_What you should do_
Where the data below begins, start retyping exactly, and end on the line with "Looping Blue Ribbons", which is included; no picture goes in.

Provided records Block Start

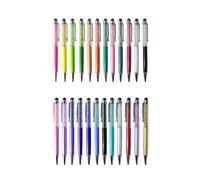 GALPADA Lot de 2 Stylos à Bille Multifonctionnels en Acier Inoxydable Argentés Stylet Capacitif pour Écran Tactile, Design Fin et Élégant pour Tablette et Appareil Tactile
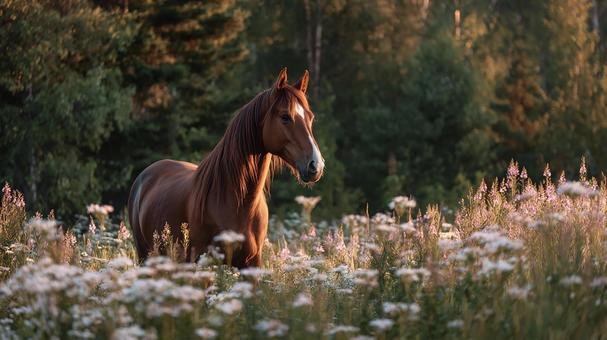 夕暮れの草原に立つ一頭の馬 夕暮れの草原に立つ一頭の馬の写真
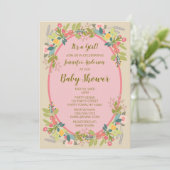 Garden Floral Girl Baby shower Kaart (Staand voorkant)
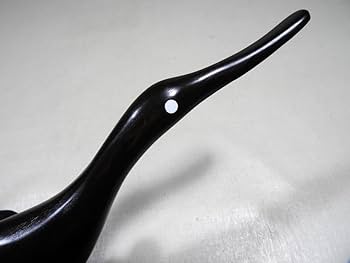 Amazon.co.jp: ブラックスワン 黒鳥の親子 北欧 縞黒檀 高さ46.5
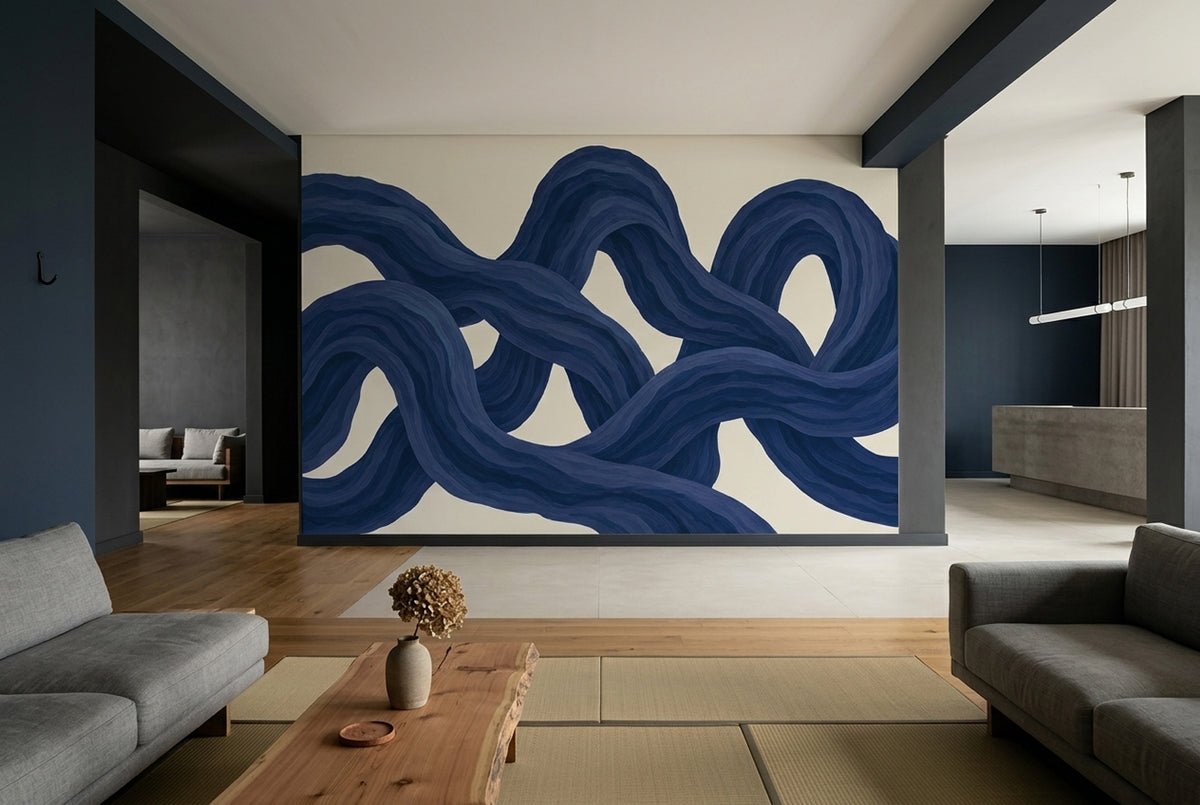 Looping Blue Ribbons Wallpaper Modern Painterly Wall Mural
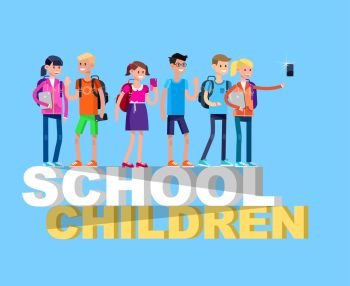 Vector detailed character flat design children students boy and girl. Schoolchildren, Kids  smiling holding Gadgets and backpacks. Primary or elementary school children. Vector detailed character flat design children students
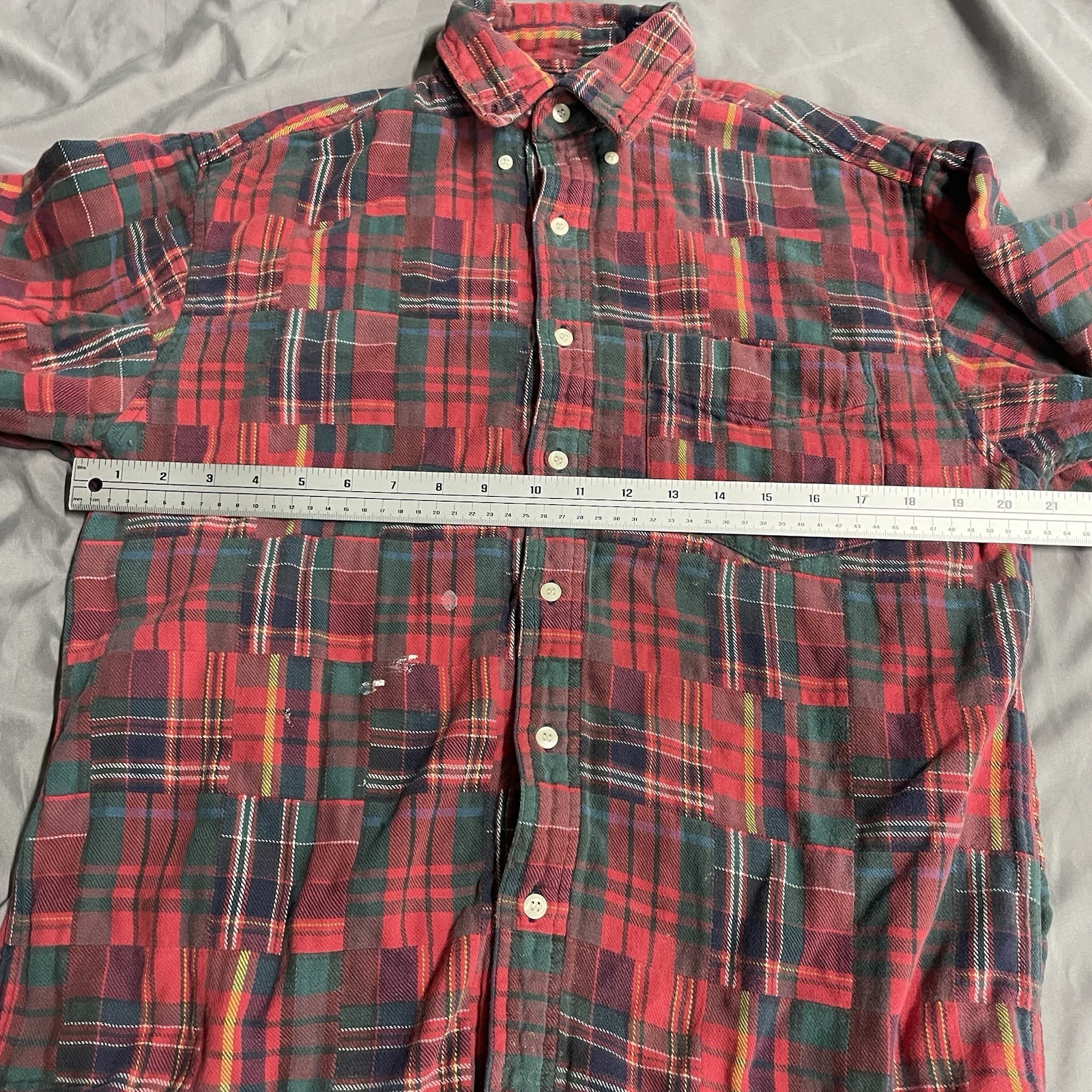 Vintage 90s GAP Patchwork Flannel Distressed Long… - image 5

Provided records Block End

_Reply_
 GALPADA Lot de 2 Stylos à Bille Multifonctionnels en Acier Inoxydable Argentés Stylet Capacitif pour Écran Tactile, Design Fin et Élégant pour Tablette et Appareil Tactile
 夕暮れの草原に立つ一頭の馬 夕暮れの草原に立つ一頭の馬の写真
 Garden Floral Girl Baby shower Kaart (Staand voorkant)
 Amazon.co.jp: ブラックスワン 黒鳥の親子 北欧 縞黒檀 高さ46.5
 Looping Blue Ribbons Wallpaper Modern Painterly Wall Mural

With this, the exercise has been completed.